Eval bug: getting assertion error when trying to use a gguf quantized model at inference "GGML_ASSERT(n_outputs_enc > 0 && "call llama_encode() first") failed"
Name and Version
the latest version of llama.cpp
Operating systems
Windows
GGML backends
CPU
Hardware
CPU 16 GB RAM Intel I5 core 10th Gen
Models
Flan T5 Large
Problem description & steps to reproduce
I have a finetuned Flan T5 Model in my local which I have quantized and converted to gguf format using llama.cpp using the below line of command:
!python {path to convert_hf_to_gguf.py} {path to hf_model} --outfile {name_of_outputfile.gguf} --outtype {quantization type}
and loaded the gguf file using llama.cpp Llama
from llama_cpp import Llama gguf_model_path = "t5_8bit.gguf" model = Llama(model_path=gguf_model_path)
and when trying to use the model at inference in Jupyter Notebook, the kernel is Dying. When tried the same in Command Prompt, getting the aasertion issue "GGML_ASSERT(n_outputs_enc > 0 && "call llama_encode() first") failed"
used the below code for inference in CPU and the issue is detected at model.eval()
Code: prompt = "Extract Tags and Relevant Text: Please Annotate that the market rates has fallen drastically"

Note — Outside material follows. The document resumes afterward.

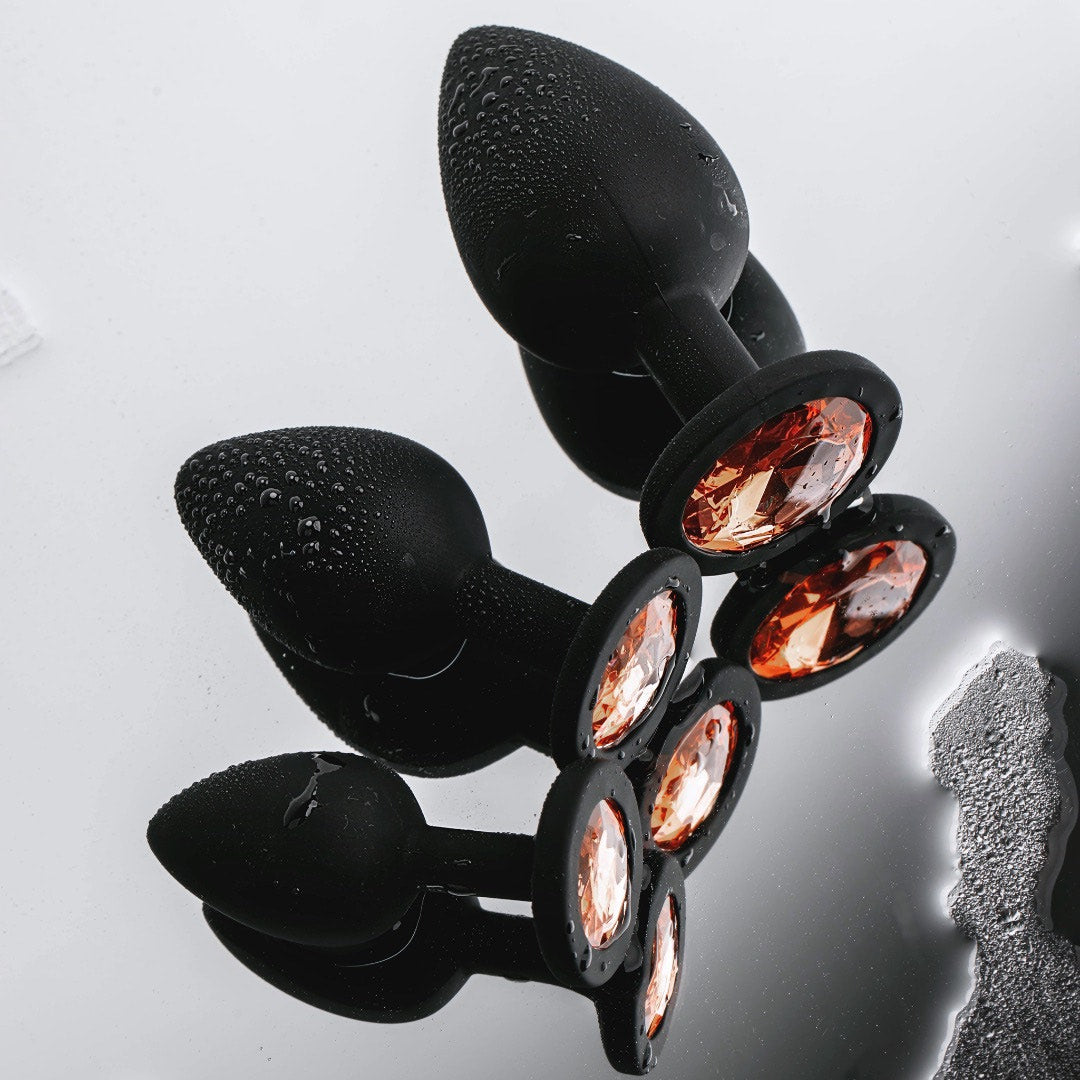 Oberon butt plug set of 3 lying down wetlook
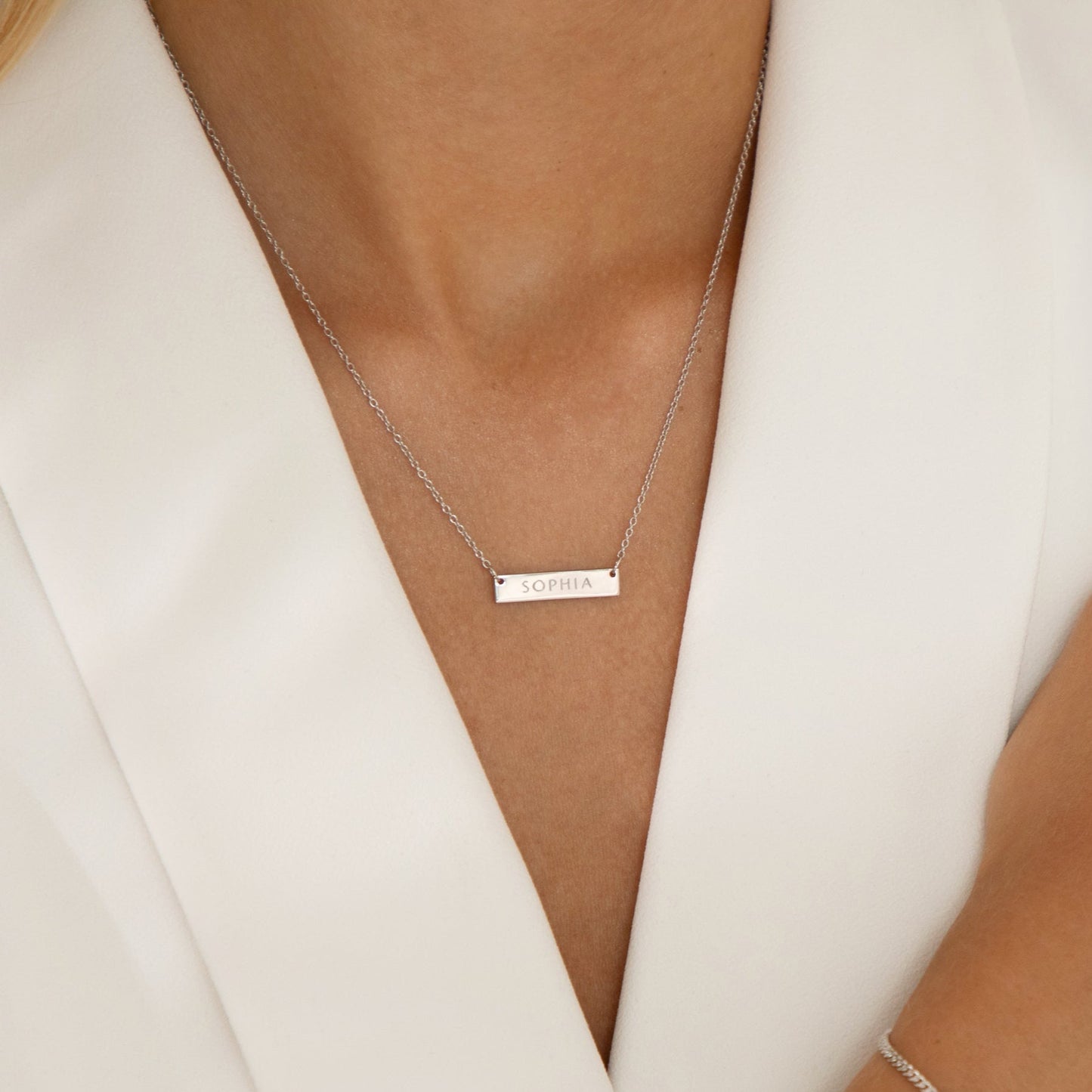 Léon Varel 2cm silver personalized bar necklace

tokens = model.tokenize(prompt.encode()) output_tokens = model.eval(tokens) output = model.detokenize(tokens) print(output)
Why is this issue coming, and what is the solution to it. I am trying to use quantized models in the Local for inference
First Bad Commit
No response
Relevant log output
from llama_cpp import Llama
gguf_model_path = "t5_8bit.gguf"
model = Llama(model_path=gguf_model_path)
prompt = "Extract Tags and Relevant Text: Please Annotate that the market rates has fallen drastically"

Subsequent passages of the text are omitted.